**Task**
Each line, starting at the one with "Christian Louboutin Women" and running to the end of the data below, is to be set down again exactly, both ends included; leave pictures out.

= Beginning of Section =

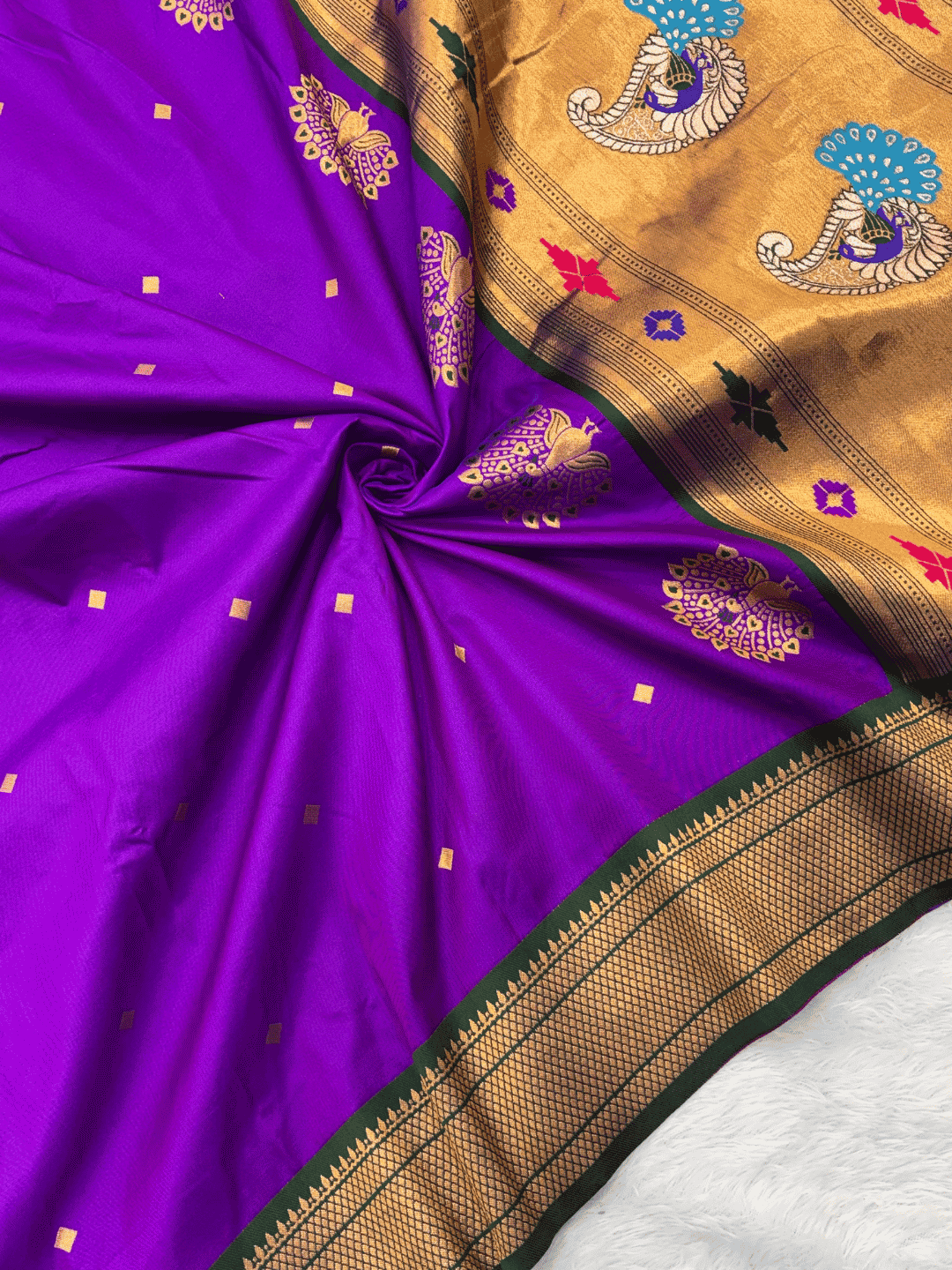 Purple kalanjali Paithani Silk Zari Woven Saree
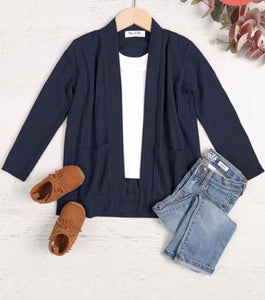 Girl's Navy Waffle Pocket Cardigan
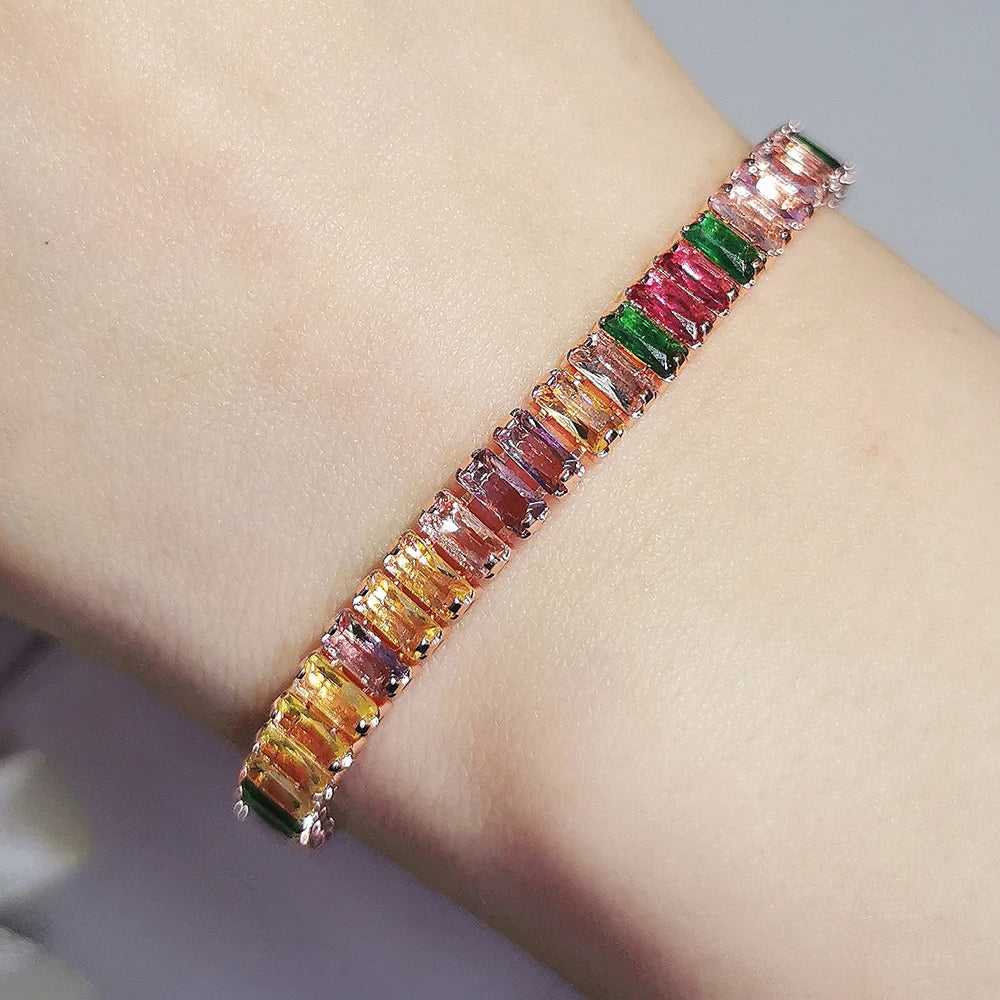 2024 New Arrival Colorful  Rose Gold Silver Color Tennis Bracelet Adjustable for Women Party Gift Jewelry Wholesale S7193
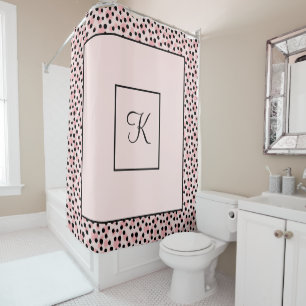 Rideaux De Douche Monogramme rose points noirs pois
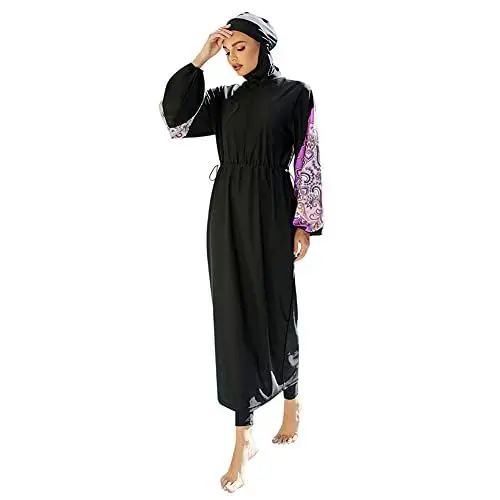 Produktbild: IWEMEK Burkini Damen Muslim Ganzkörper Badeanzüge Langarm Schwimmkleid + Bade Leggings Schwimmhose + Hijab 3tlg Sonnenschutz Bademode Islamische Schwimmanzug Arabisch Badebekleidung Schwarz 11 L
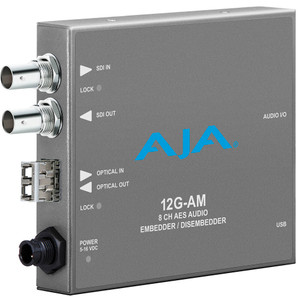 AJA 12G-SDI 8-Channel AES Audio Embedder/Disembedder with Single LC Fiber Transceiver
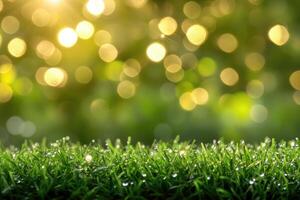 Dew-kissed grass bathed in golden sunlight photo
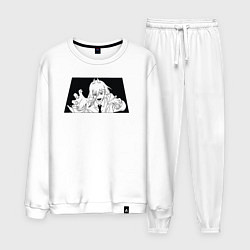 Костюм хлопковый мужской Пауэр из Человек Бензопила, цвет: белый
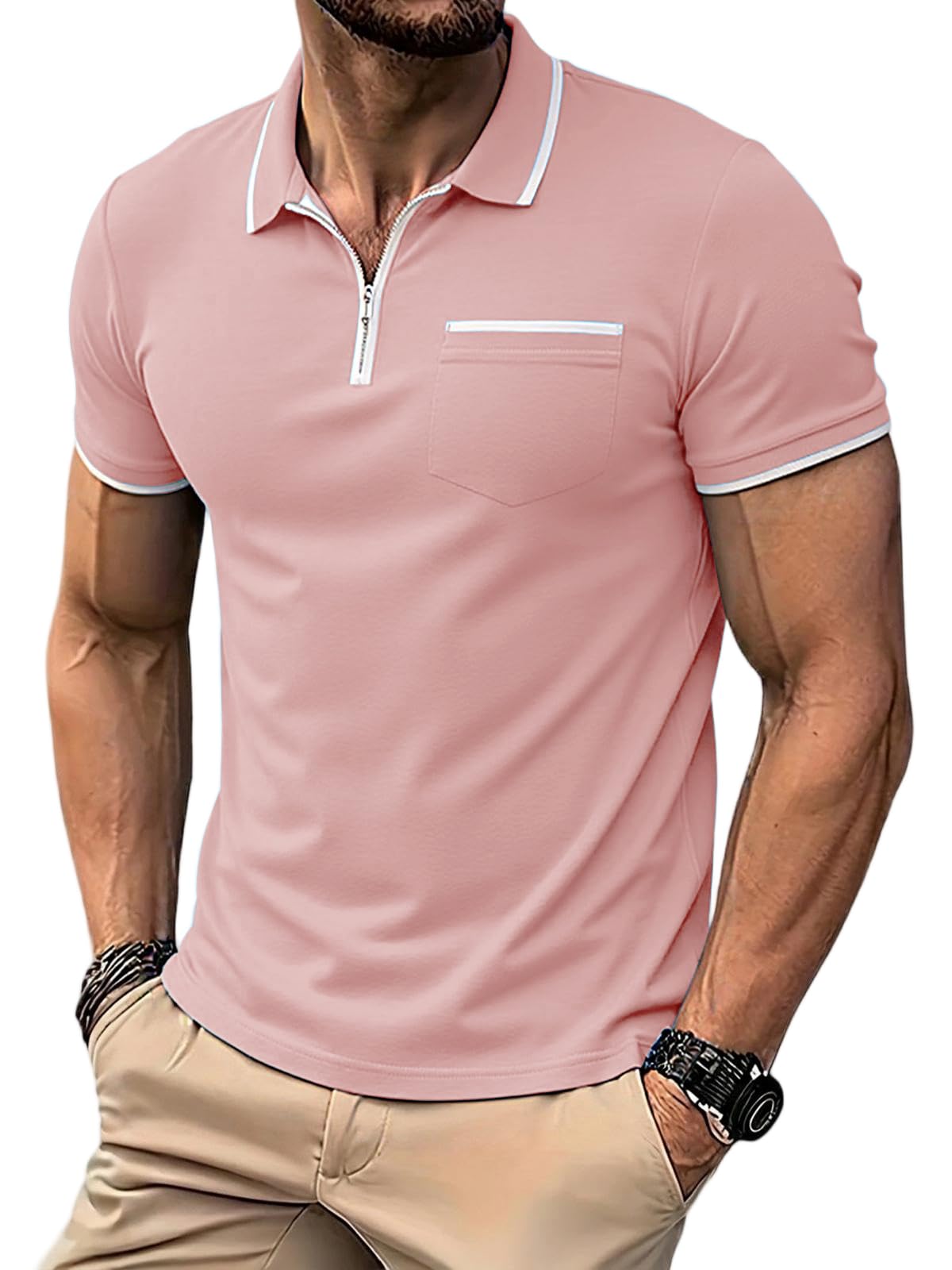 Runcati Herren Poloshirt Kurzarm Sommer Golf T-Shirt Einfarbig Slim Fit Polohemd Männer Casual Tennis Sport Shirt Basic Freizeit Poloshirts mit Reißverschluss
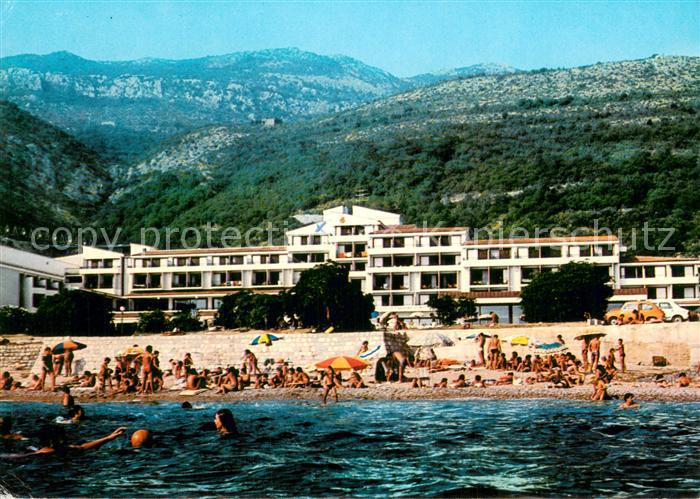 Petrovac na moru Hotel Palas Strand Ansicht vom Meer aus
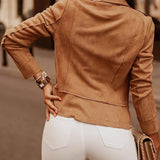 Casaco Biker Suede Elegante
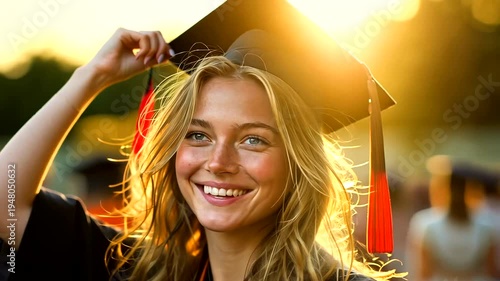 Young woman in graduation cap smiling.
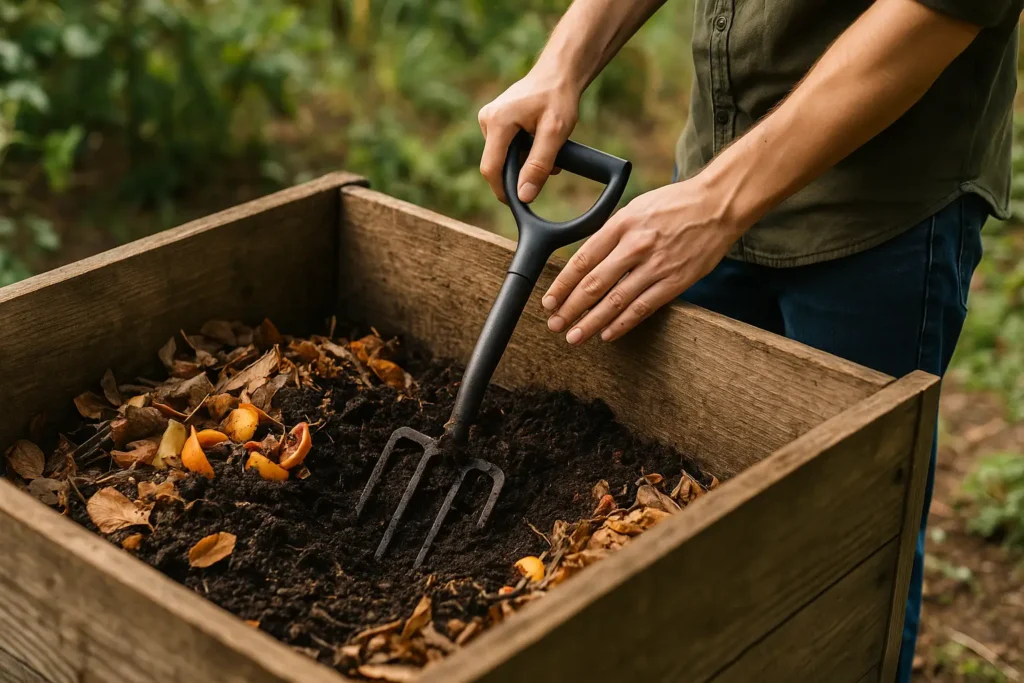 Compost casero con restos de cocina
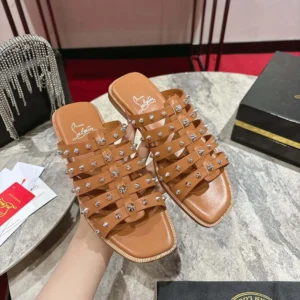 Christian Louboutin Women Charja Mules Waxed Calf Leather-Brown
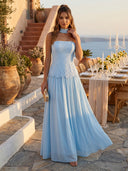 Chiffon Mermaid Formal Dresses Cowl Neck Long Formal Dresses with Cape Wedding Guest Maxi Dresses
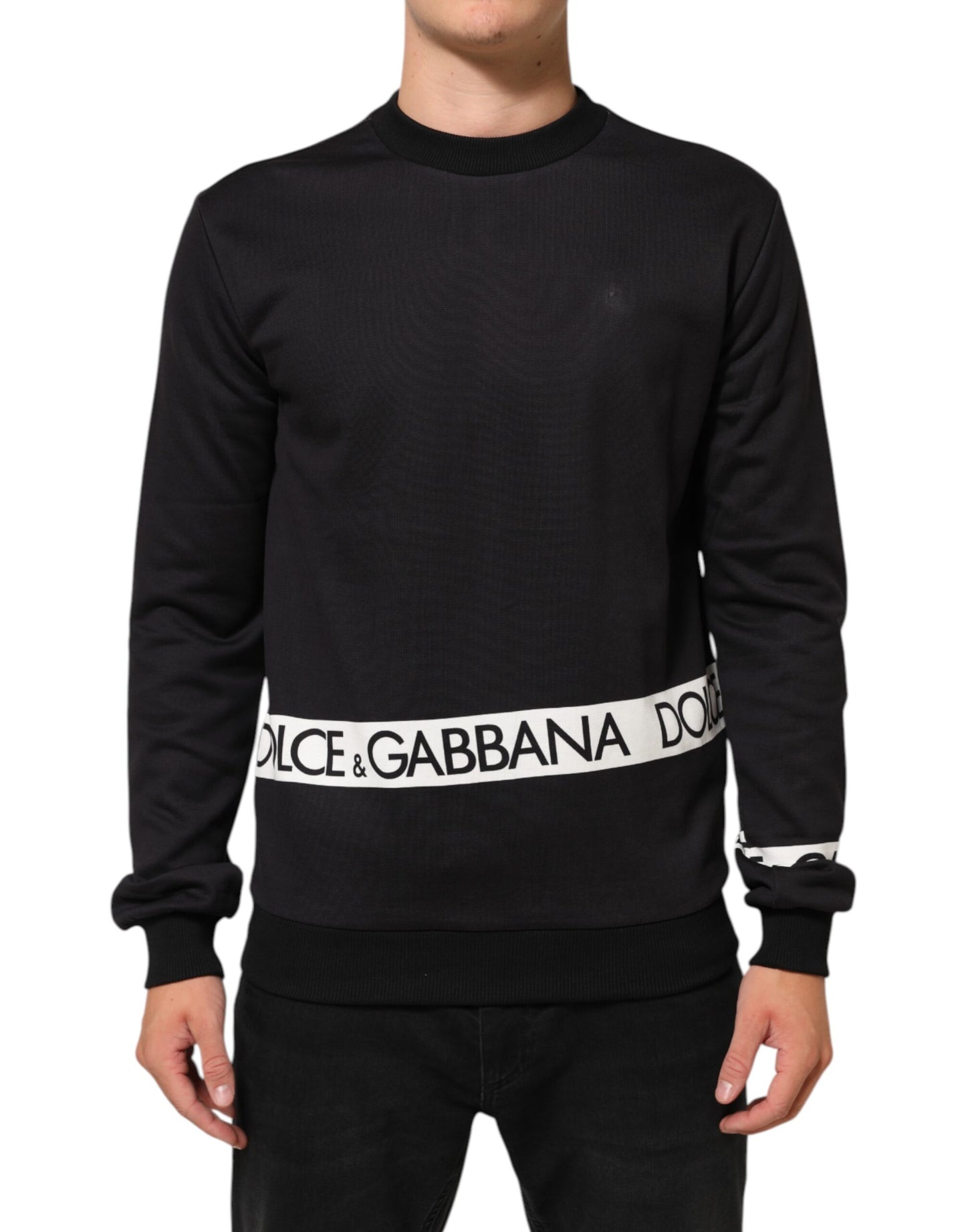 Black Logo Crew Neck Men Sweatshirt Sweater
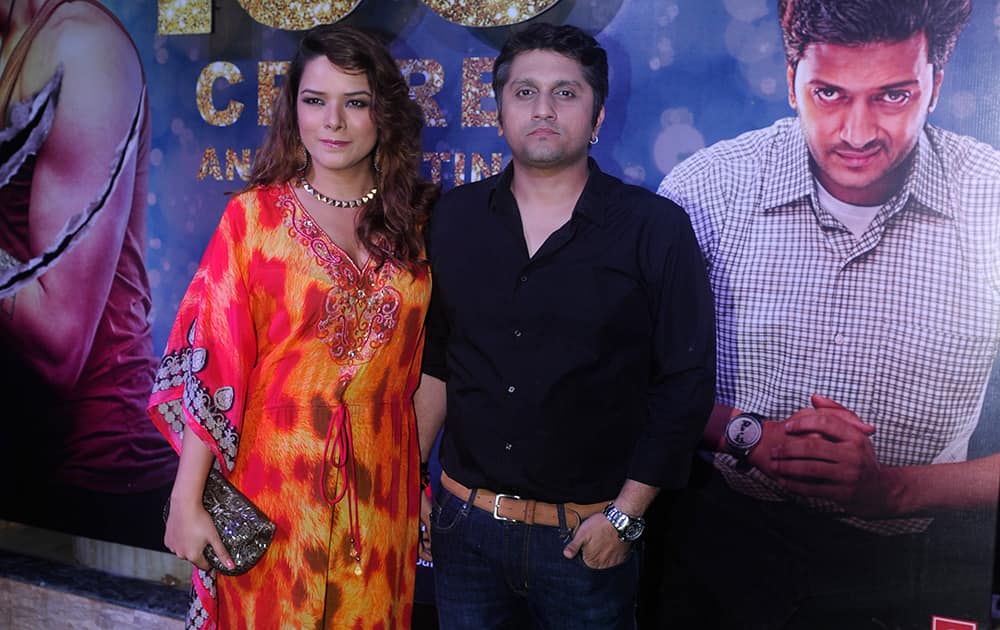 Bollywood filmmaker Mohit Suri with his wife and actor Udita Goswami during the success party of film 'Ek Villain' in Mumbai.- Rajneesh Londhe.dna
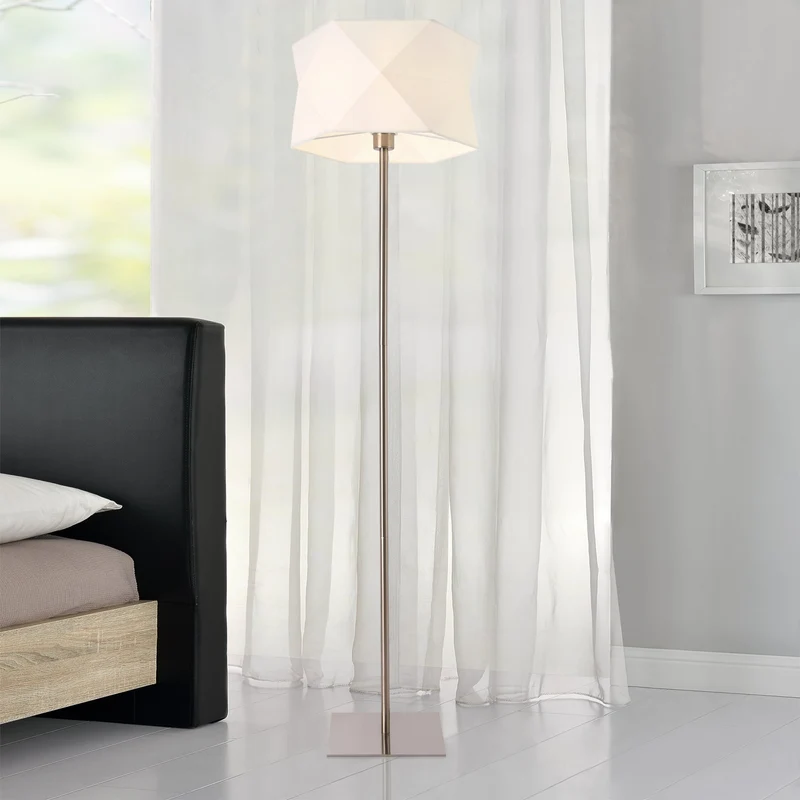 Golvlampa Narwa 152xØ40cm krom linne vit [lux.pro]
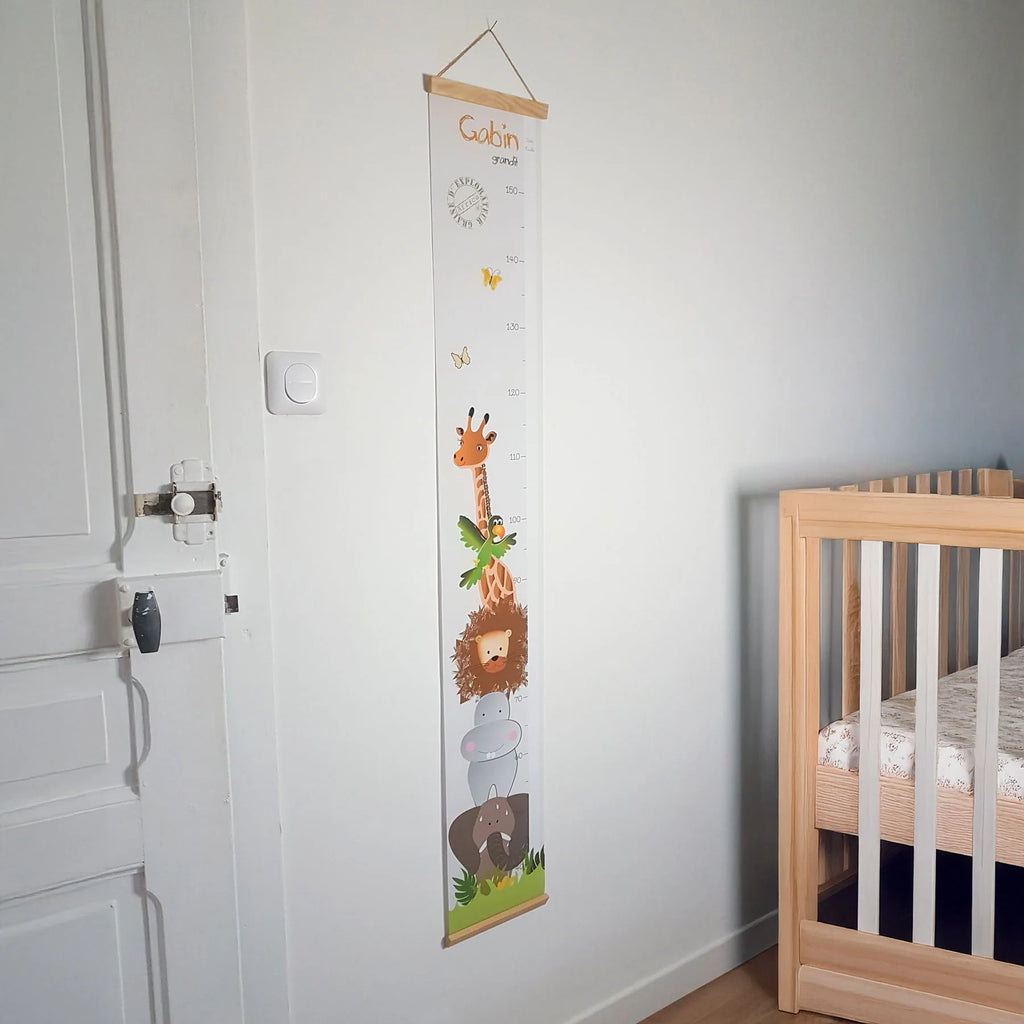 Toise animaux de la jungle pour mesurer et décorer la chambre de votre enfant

= End of Section =

**Result of this exercise**
 Christian Louboutin Women Charja Mules Waxed Calf Leather-Brown
 Chiffon Mermaid Formal Dresses Cowl Neck Long Formal Dresses with Cape Wedding Guest Maxi Dresses
 Black Logo Crew Neck Men Sweatshirt Sweater
 Bollywood filmmaker Mohit Suri with his wife and actor Udita Goswami during the success party of film 'Ek Villain' in Mumbai.- Rajneesh Londhe.dna
 Golvlampa Narwa 152xØ40cm krom linne vit [lux.pro]
 Toise animaux de la jungle pour mesurer et décorer la chambre de votre enfant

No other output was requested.